Norberg said wheat could be 2008’s top crop.
“We have been estimating a very large crop,” he said, adding some have suggested it is double last year’s. “We don’t have the data.”
Usually the acreage reports are out in July, Norberg said, but he said he has heard it may be August before they are published.
While wheat seems to be a crop of choice for many, corn still draws a large amount of interest from area agriculturists.
“Both corn and wheat are very strong right now,” Norberg said, with the current prices of corn below that of wheat.
Bids for soft white wheat, Tuesday, ranged from $7.95 per bushel to $8.15 in the futures market.
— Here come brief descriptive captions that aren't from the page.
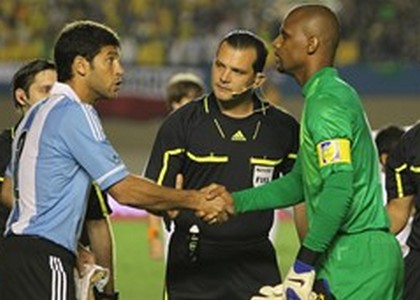 Black out elettrico: salta Argentina-Brasile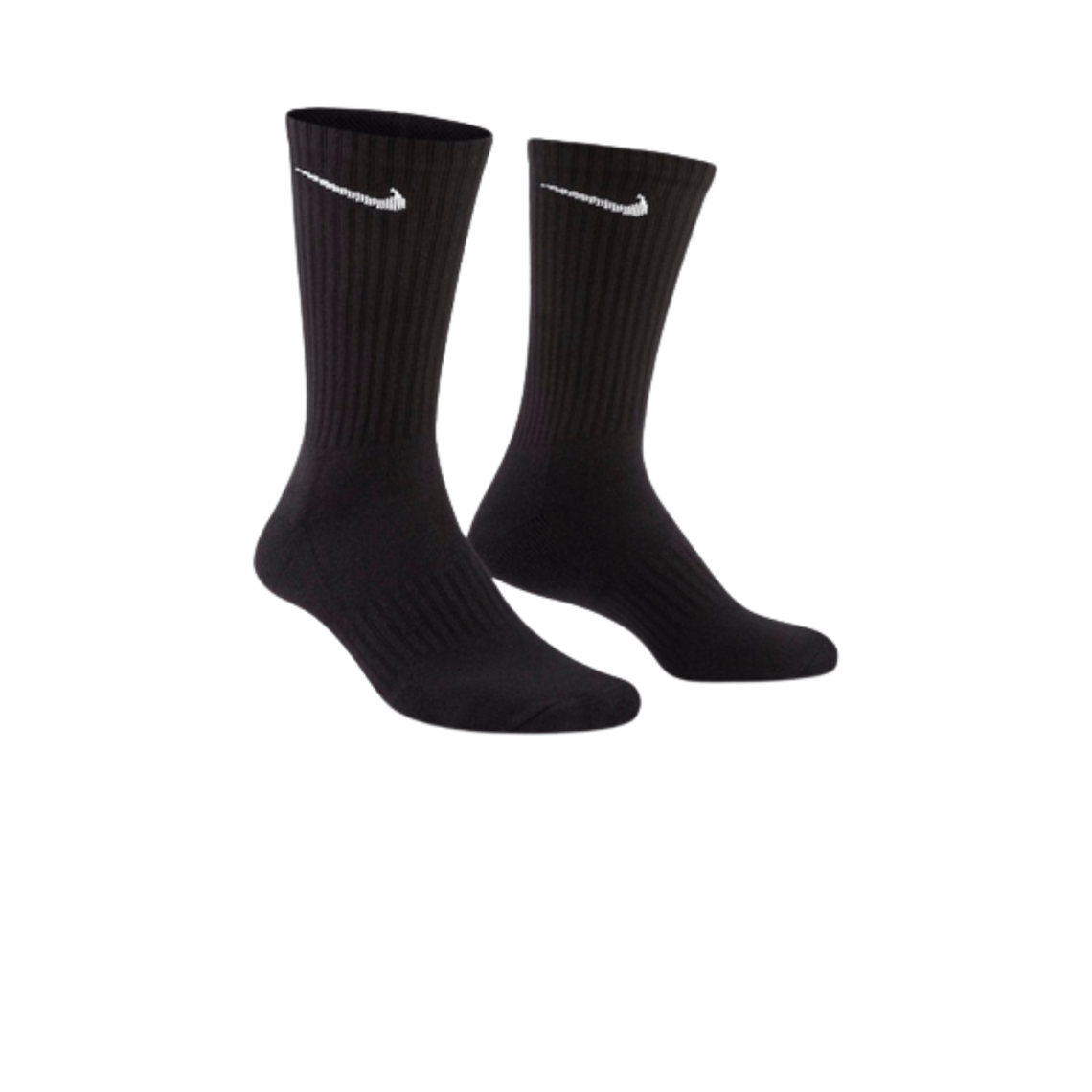 Meia nike cushion 2024 crew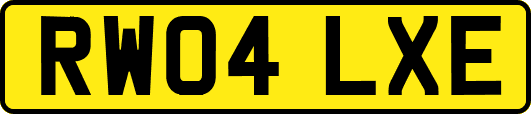 RW04LXE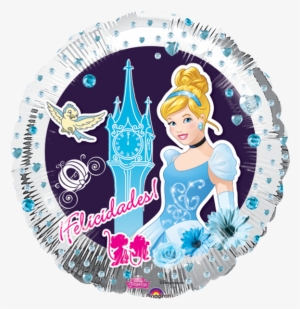 Disponible En - Disney Skin Care Princess Gift Set Shower Gel 250 Ml #2033112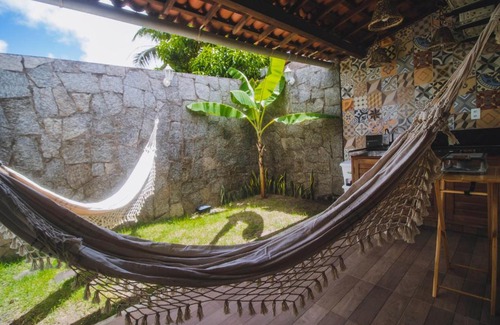 Passo de Camaragibe Casa | Vila Gameleira Casinha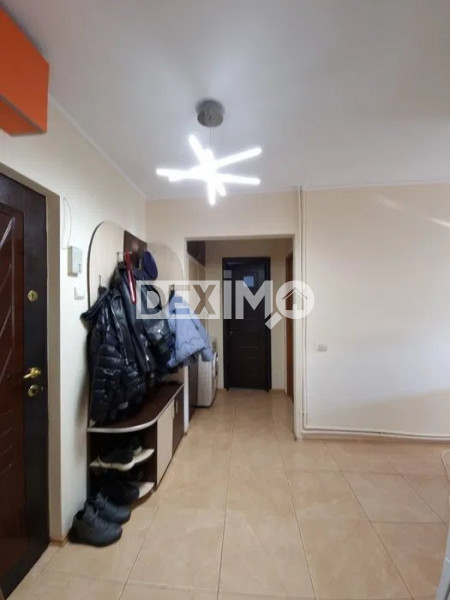 Apartament 2 Camere - KM 4-5 - Mobilat Complet - Centrala Pe Gaze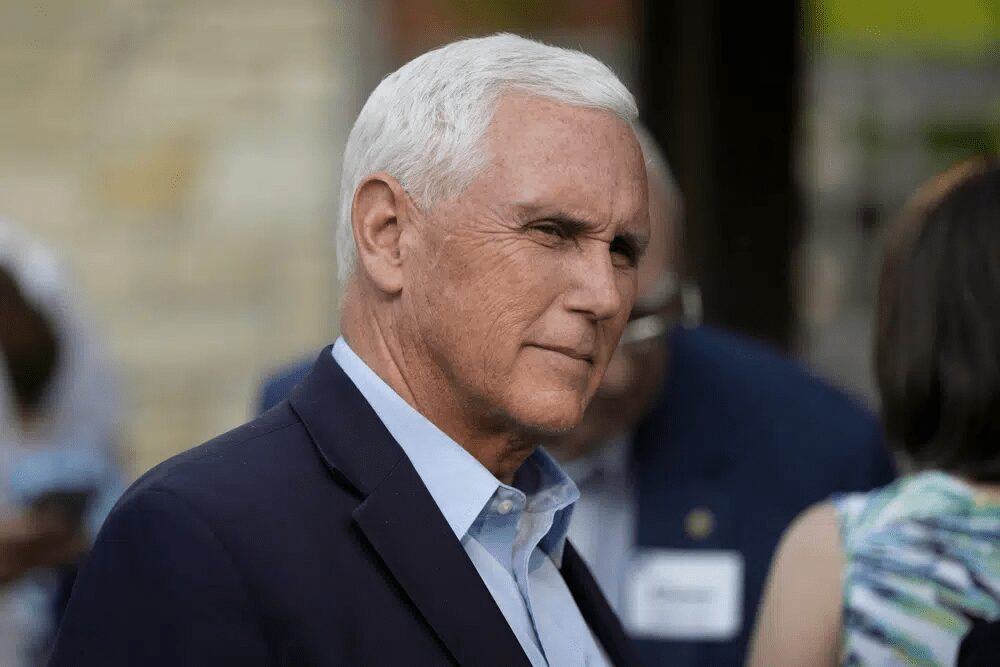 Trump To Make First Public Appearance Since Federal Indictment 3 l3bne83y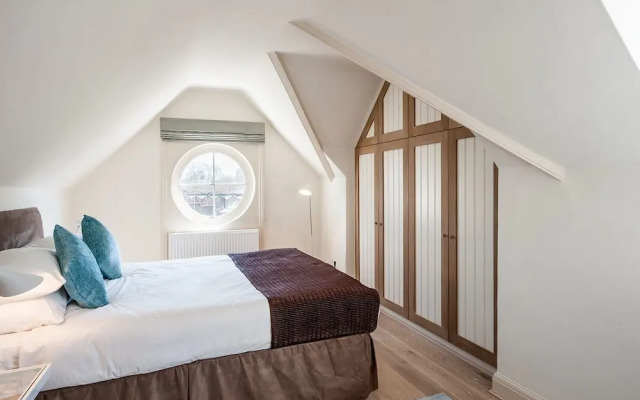 Chelsea - Sloane Avenue by Viridian Apartments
Norberg calculated the corn market between one and two dollars lower, when converted to a per bushel price. He could remember when $3 per bushel was good for wheat, he said.
“It’s price, price, price,” Brad Brown a University of Idaho, agronomist, said about the increase in wheat acreage.
“There is much more in Oregon and Idaho,” he said. The market was already high when the farmers were deciding to plant, Brown said, and another factor was the question about the availability of water. Wheat does not use water like corn and other crops do. However, he said Tuesday, early weather conditions will prevent yields from being as high as they could be.
Brown said it is still too early to make specific predictions about the wheat yields.
“But, it all depends on the harvest.”
Several things contribute to price increases, Norberg said. The two major ones are growing markets in India and China and poor crops in several countries, he said.
“There have been poor wheat crops in many different counties,” Norberg said. “Supplies have dropped sharply. The supply was extremely low.”
Norberg said he predicts wheat prices could remain high for at least a couple of years, as people and countries try to rebuild the supply back up.